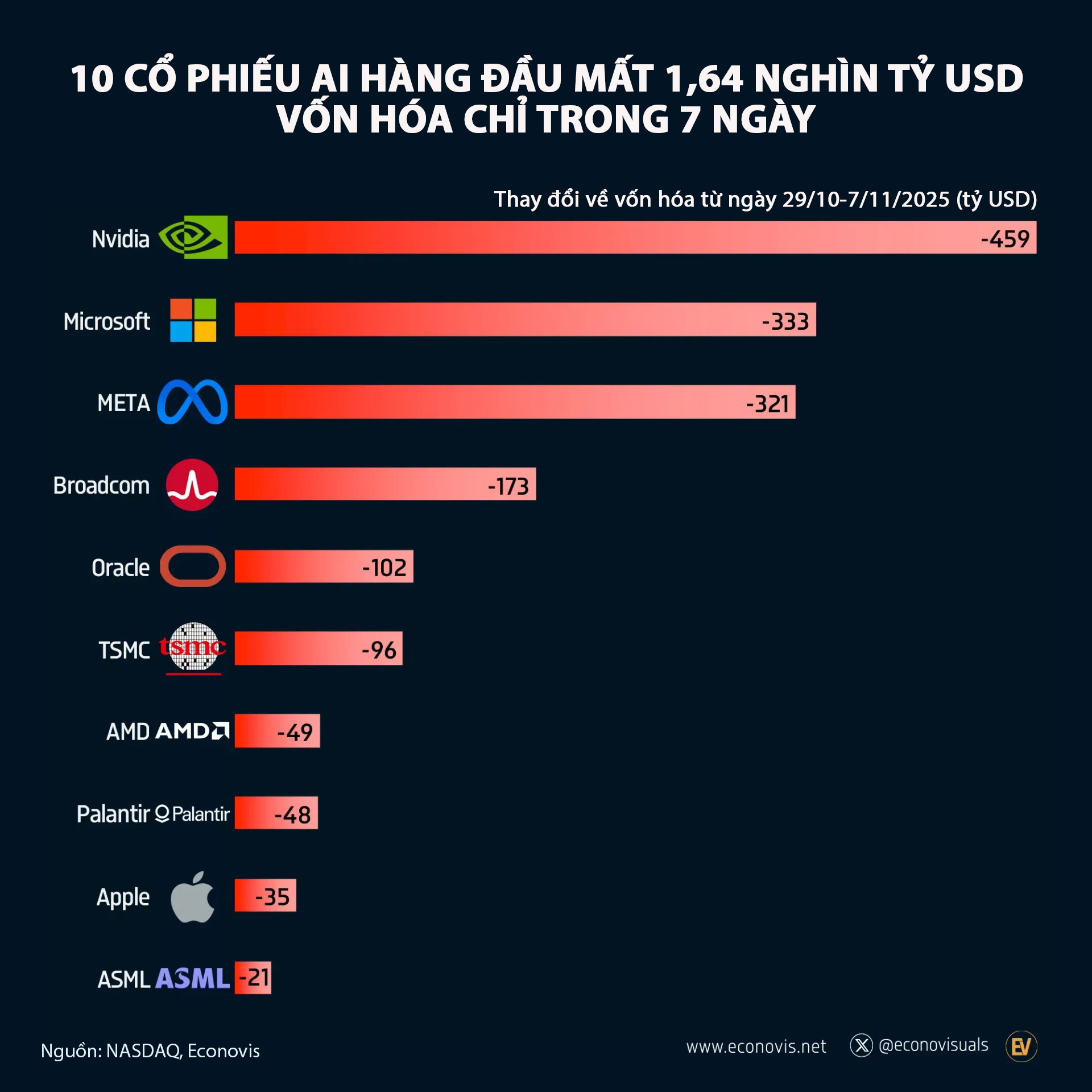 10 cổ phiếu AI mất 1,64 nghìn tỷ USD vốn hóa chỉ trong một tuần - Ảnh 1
= = = = = = =
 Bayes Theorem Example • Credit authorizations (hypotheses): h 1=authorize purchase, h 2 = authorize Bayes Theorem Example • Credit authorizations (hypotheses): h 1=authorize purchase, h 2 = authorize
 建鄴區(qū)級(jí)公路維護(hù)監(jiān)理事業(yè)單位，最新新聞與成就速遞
= = = = = = =
— Instructions to follow —
Copy back the listing above exactly, but only from the line with "authorize Bayes Theorem" through the line with "建鄴區(qū)級(jí)公路", both ends included.

— Solved problem —
 Bayes Theorem Example • Credit authorizations (hypotheses): h 1=authorize purchase, h 2 = authorize Bayes Theorem Example • Credit authorizations (hypotheses): h 1=authorize purchase, h 2 = authorize
 建鄴區(qū)級(jí)公路維護(hù)監(jiān)理事業(yè)單位，最新新聞與成就速遞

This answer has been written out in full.